Ch. 2 - Introduction to Probability
Class: STAT-211
Notes:
Outline:
- Sample spaces and events
- Set operations
- Probability
- Classical Definition
Sample Spaces and Events
Random Experiment
An experiment is a planned operation carried out under controlled
conditions. If the outcome of an experiment is uncertain but statistically predictable, the experiment is called a random experiment.
Examples
- Flipping a coin
- Outcome cannot be decided with certainty
- Rolling a fair six-faced die
- Only once: we know for sure any of the six-numbers will appear
- Exactly which one will appear? that cannot be predicted accurately
- Bit there is a statistical predictability here
- Lifetime of an electronic device
- Observing the lifetime of a smartphone for example
- We know for sure that the lifetime will be any positive number between 0 and infinity
- We cannot predict exactly what this number will be
- It is often modeled to a statistical or mathematical model
- So there is a statistical predictability here
- Result of a Covid-19 test (Positive/Negative)
- We know for sure that the outcome of the test will be either positive or negative
- The result cannot be predicted exactly
- This is a random experiment
- Observing the number of messages to a communication device
- We know that the number of messages of a device can be anyone of these non-negative integers 0,1,2,3,4,5,...
- Which one exactly will be cannot be predicted exactly
- There is a form of statistical prediction here
Probability is a measure associated with the outcomes of a random experiment that quantifies how likely a given outcome is to occur when the experiment is performed.
Events and Sample Space
The result or outcome of a random experiment is called an event. Upper case letters like A, B etc are used to denote events.
- If an event cannot be written as a composition of more than one events, it is called an elementary event.
- If an event is not elementary, it is called a composite event.
The sample space S a random experiment is the set of all possible
elementary events.
- It is a set/collection
Examples
- Flipping a fair coin once. There are only two possibilities: either a head (H) or a tail (T). The sample space is S = {H, T}.
- These are two only possible outcomes
- They cannot be written as compositions as more than one outcomes
- How many elementary events are possible here? there only these 2 (outcomes)

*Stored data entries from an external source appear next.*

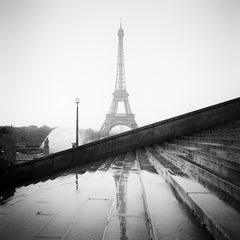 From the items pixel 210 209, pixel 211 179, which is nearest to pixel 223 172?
pixel 211 179

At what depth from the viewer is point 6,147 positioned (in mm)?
5383

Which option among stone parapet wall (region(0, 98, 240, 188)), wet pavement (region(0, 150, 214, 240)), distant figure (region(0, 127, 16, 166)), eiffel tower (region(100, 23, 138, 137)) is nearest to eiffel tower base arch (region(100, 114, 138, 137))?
eiffel tower (region(100, 23, 138, 137))

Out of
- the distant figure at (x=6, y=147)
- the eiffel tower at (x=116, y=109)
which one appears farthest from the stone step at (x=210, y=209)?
the eiffel tower at (x=116, y=109)

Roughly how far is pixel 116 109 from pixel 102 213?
50.5 m

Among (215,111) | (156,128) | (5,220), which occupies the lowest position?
(5,220)

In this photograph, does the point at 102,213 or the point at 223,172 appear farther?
the point at 223,172

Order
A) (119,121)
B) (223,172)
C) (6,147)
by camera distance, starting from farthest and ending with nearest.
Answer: (119,121)
(6,147)
(223,172)

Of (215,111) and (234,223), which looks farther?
(215,111)

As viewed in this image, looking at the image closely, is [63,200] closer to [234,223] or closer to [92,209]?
[92,209]

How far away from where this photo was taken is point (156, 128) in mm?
7969

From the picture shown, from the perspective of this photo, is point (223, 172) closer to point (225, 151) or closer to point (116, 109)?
point (225, 151)

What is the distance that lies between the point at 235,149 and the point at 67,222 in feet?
9.46

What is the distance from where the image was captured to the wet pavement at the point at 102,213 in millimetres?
2008

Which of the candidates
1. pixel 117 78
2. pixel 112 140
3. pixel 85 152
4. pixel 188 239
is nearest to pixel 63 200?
pixel 188 239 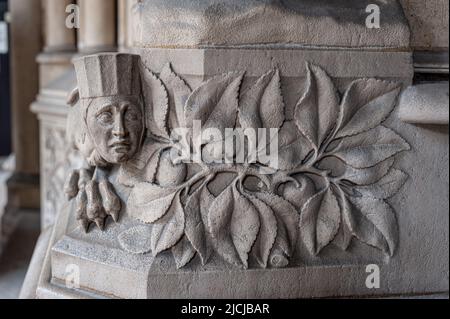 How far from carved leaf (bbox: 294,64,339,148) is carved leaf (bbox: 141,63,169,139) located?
221 millimetres

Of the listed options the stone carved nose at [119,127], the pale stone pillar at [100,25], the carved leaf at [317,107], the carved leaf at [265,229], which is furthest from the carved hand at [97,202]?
the pale stone pillar at [100,25]

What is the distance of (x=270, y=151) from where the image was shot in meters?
1.16

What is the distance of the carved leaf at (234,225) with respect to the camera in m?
1.15

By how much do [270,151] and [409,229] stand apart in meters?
0.29

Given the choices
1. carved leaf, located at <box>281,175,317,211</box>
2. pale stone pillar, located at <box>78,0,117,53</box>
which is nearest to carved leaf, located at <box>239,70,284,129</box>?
carved leaf, located at <box>281,175,317,211</box>

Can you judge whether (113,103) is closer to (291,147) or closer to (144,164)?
(144,164)

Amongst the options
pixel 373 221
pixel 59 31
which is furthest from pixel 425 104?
pixel 59 31

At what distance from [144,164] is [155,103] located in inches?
4.2

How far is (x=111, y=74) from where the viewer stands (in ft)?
3.77

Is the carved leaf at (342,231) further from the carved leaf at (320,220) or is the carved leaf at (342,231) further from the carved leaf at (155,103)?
the carved leaf at (155,103)

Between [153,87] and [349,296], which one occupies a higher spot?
[153,87]

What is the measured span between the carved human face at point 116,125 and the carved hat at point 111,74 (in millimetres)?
13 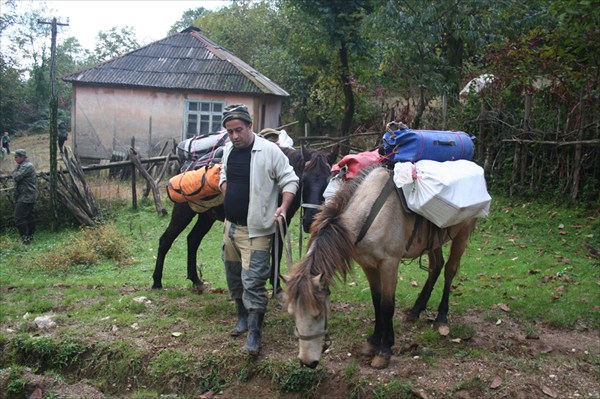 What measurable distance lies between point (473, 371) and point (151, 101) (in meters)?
17.7

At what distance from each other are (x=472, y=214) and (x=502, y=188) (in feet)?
22.1

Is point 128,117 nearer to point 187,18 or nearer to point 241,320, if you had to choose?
point 241,320

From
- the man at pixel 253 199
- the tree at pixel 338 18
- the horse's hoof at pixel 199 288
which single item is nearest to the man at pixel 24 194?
the horse's hoof at pixel 199 288

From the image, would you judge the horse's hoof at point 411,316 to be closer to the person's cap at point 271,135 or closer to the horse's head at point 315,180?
the horse's head at point 315,180

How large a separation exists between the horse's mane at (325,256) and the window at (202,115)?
16.1m

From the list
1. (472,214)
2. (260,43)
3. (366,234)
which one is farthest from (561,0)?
(260,43)

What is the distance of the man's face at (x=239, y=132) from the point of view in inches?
183

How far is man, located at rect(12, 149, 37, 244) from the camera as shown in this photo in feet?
36.4

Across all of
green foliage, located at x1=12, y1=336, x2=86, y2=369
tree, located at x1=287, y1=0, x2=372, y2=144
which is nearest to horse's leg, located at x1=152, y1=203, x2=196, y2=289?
green foliage, located at x1=12, y1=336, x2=86, y2=369

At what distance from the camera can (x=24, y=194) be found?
11195mm

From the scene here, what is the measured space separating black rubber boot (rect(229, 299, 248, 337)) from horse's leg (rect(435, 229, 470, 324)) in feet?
6.00

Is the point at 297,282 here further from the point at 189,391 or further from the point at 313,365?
the point at 189,391

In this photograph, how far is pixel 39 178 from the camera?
467 inches

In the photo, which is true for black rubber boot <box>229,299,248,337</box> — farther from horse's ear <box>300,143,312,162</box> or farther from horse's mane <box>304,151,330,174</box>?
horse's ear <box>300,143,312,162</box> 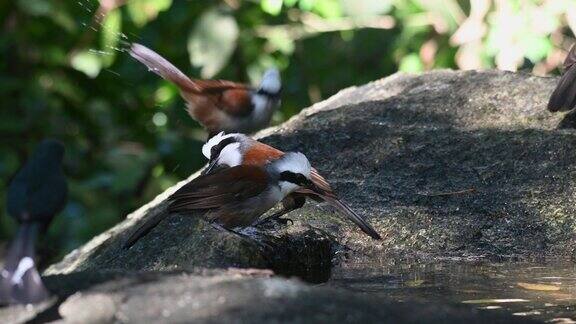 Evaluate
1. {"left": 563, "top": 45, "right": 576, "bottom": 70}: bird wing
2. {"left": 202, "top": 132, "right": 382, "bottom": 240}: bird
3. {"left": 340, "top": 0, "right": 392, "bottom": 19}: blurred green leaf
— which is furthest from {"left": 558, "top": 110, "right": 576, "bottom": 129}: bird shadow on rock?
{"left": 202, "top": 132, "right": 382, "bottom": 240}: bird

- Note the set notation for S.
- Flipping a fair coin twice. Here, S = {HH, HT , TH, TT}. The event of ‘resulting in a head in the first flip’ = {HH, HT} is composite.
- Make use of a three diagram to enumerate all possible of elementary outcomes
- The event of observing a head in the first flip of a coin can happen in
- This is not an elementary event
- This event consist in more than one elementary events in the sample space
- Rolling a fair die once. Here, S = {1, 2, 3, 4, 5, 6}. The event of getting an even number {2, 4, 6} is composite.

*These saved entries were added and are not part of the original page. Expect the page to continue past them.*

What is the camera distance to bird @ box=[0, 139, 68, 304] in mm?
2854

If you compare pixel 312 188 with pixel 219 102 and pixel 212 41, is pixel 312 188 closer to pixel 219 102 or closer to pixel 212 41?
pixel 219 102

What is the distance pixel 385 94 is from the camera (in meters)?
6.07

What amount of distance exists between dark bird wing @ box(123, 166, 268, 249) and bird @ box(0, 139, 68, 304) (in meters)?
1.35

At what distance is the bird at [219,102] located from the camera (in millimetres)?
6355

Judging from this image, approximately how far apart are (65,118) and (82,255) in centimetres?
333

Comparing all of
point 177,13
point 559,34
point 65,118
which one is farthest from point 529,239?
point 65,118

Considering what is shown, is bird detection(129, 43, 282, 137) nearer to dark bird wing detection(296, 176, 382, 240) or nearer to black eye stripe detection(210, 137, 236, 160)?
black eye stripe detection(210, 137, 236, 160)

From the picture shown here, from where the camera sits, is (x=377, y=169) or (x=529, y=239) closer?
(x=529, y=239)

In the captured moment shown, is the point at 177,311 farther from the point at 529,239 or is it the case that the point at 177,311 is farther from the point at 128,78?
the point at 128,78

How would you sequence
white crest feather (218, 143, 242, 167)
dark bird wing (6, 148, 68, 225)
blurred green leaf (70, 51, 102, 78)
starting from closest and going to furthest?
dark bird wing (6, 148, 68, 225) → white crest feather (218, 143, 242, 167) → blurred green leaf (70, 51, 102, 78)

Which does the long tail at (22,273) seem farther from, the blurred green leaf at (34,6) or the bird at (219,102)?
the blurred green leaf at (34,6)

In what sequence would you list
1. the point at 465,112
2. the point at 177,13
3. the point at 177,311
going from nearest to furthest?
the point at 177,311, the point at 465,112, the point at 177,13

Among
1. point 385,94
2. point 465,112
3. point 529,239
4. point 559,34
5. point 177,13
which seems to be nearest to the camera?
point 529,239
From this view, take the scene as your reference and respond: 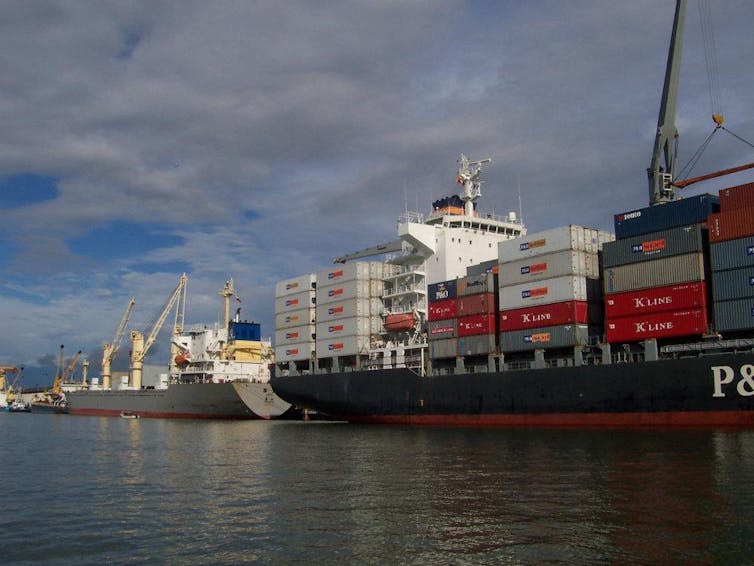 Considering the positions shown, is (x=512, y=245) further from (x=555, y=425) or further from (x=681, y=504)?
(x=681, y=504)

- The ocurrance of each of these numbers, cannot be represented as compositions of more than 1 numbers
- These are elementary outcomes, there are 6 in the sample space
- Even number: it is a multiple of 2
- Which of the 6 elements in S are even?
- 2, 4, 6
- the event of observing an even number can occur if anyone of these numbers appears
- This event consist of 3 elementary outcomes from the sample space
- This is a composite event.
"An event is nothing but a subset of the sample space S"
Events
When enumerating all of the outcomes in an event is burdensome, we
can just state the event.
Example
Draw a card at random from a well-shuffled deck of 52 cards:
-
4 different suits
- Row 1: Suit of Clubs
- Row 2: Suit of Spades
- Row 3: Suit of Hearts
- Ro2 4: Suit of Diamonds
-
13 different denominations of cards for each suit
- Ace, 1, 2, 3, 4, 5, 6, 7, 8, 9, 10, J, Q, K
- Ace + numbers + Face cards
- Ace, 1, 2, 3, 4, 5, 6, 7, 8, 9, 10, J, Q, K
-
In a deck, there will be 4 different Aces and 12 Face cards
-
Event: Drawing of each card would be an elementary outcome
- There are 52 elementary outcomes
- S =
-
Event: We are interested in whether a card is a Spade or not.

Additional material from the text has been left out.